A viewpoint by Thomas D. Elias: Green power firms flex muscles

April 17, 2001

Suddenly, California has a new and powerful interest group. It's one created by state and federal policies encouraging renewable energy. And it's a group that now has demonstrated it will act strongly for its own self-preservation when it feels pressed.

Members of this suddenly significant group are windmill owners, biomass operators, geothermal producers and cogenerators — "green" power producers. No one quite believed them when they warned for weeks they hadn't been paid in so long they couldn't keep providing electricity much longer.

When many of these companies finally acted the other day, the result was a spate of rolling blackouts. If and when they act again, it might be to force bankruptcy on the state's biggest utilities, Southern California Edison and Pacific Gas & Electric.

They insist they are ready to do just that if their shutoffs have not served as a wake-up call and spurred action to preclude forced bankruptcy.


"Blackouts were certainly not our goal," said one of their leaders, David Sokol, president of the geothermal firm CalEnergy, which did not shut down.

"We just want to get paid. We're kind of like the guys with their finger in the dike and we're getting tired and we just want to go home."

Added Jan Smutny-Jones, executive director of the Independent Energy Producers Association, "We see no movement at all lately. We're running out of time before we have to force bankruptcy."

The actors here are the providers of renewable energy who account for about 25 percent of all power consumed in this state. All have to sell their output within California, unlike Duke Energy, Reliant Energy, Dynergy Southern Energy and Calpine, big companies that bought up big oil- and natural gas-fueled power plants during the deregulation fire sale of the late 1990s. Also unlike the big companies, the "green" power folks have never been accused of profiteering or gouging anyone.

Rather, they've been gouged.
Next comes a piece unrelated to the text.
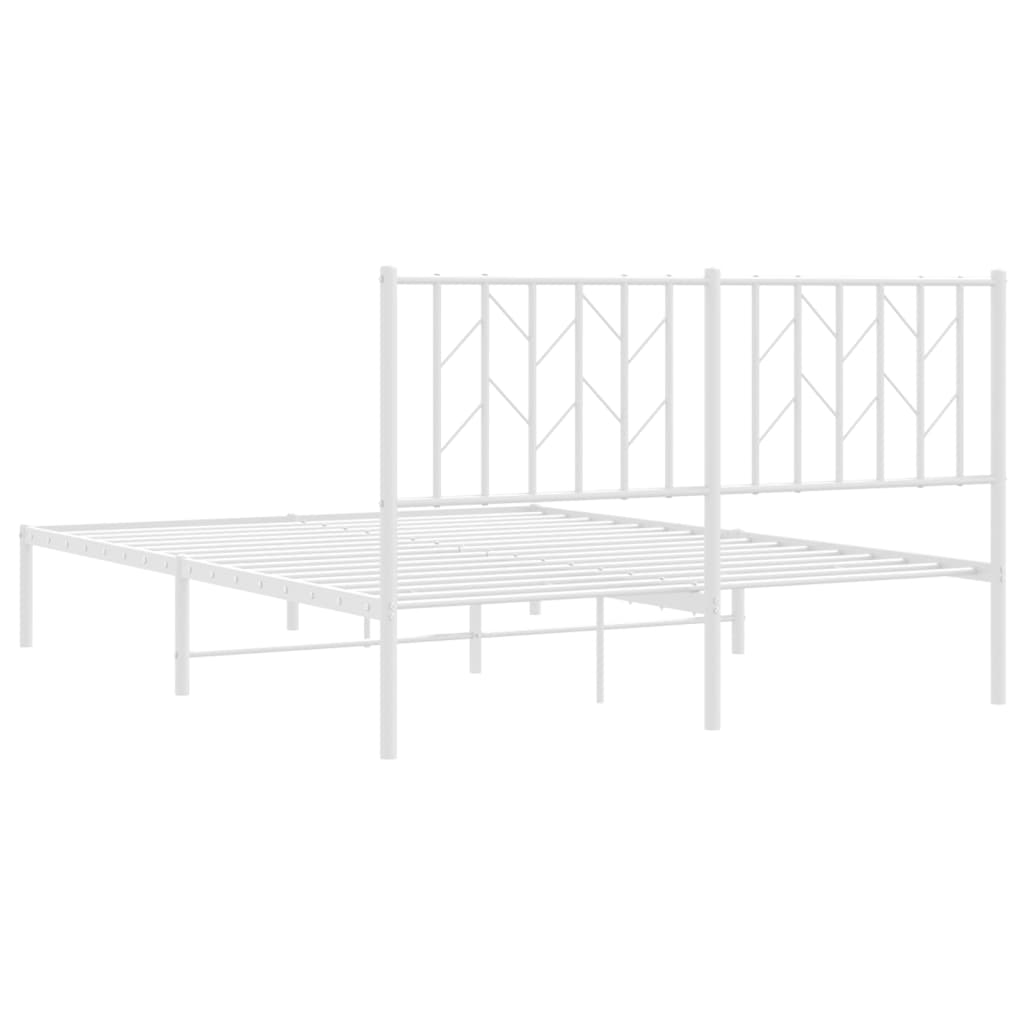 White Metal Bed Frame with Headboard - Fits 135x190cm Mattress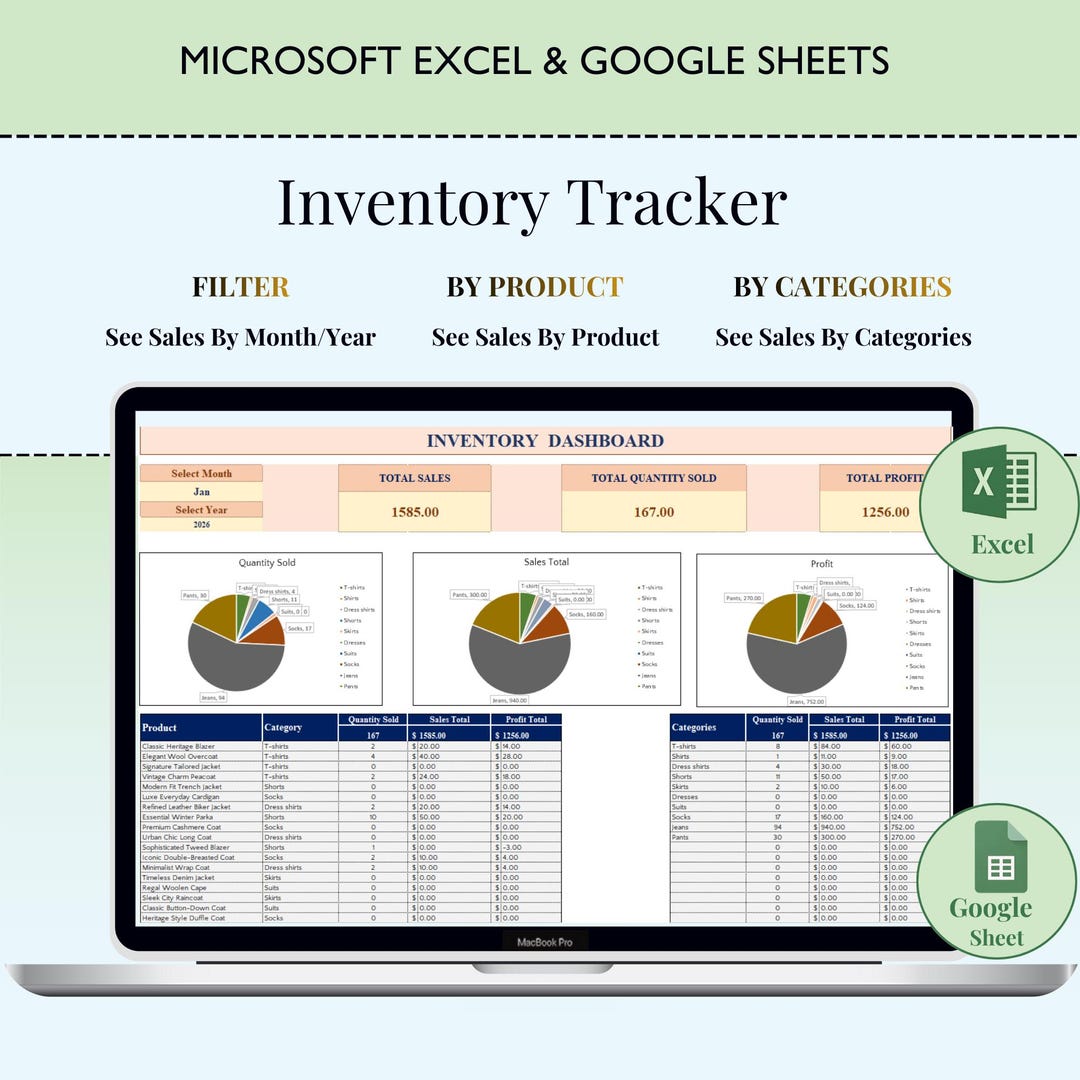 Small Business Inventory Tracker | Google Sheets & Excel Template ...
Many built their businesses under a 1978 federal law that's allowed them to charge more for their kilowattage than the utilities normally figured was the cost from their own plants, but much less than the big producers have been getting over the last year.

As utilities like Southern California Edison, San Diego Gas & Electric and Pacific Gas & Electric mismanaged themselves almost to death last fall and winter, they didn't pay these small outfits. For some, that's a disaster.

"People have been taken to the limit," said Jay Lawrence, spokesman for many of the renewable, "green," operators. "They haven't been paid since October and some of them can't even make payroll."

Meanwhile, these companies, from mom and pop wind farms to subsidiaries of large companies, have been a critical element of California's power supply, never letting anyone down until some finally were forced to close — which helped force this month's blackouts.

And now they're not even asking the same privilege enjoyed by Duke and Reliant, which bought power plants built with money from California rate-payers and now refuse to sell their full output within the state. All the little guys want is to be able to sell to the Independent System Operator, which operates the state's power grid for now. Under the law, they still can only sell — rather, give — their wattage to Edison, PG&E or SDG&E, and they're going broke doing so.

For now, the small, independent, "green" power producers say they only want to be paid what they're owed so they can go back to peacefully producing power.

But now that they've become a political and public relations presence, that may not be possible, for the renewables have established themselves as a major new force in the state, one capable of taking difficult actions when it deems they are necessary.

"I would expect them to be heard from in the future whenever energy issues come up," says Alan Hoffenblum, a longtime Republican political consultant.

Like the Roman hero Cincinnatus, they may say they want nothing more than to go home and meet their payroll and pay the bills. But they've now made themselves so important they will probably never be ignored again as they were in the early months of the electricity crisis.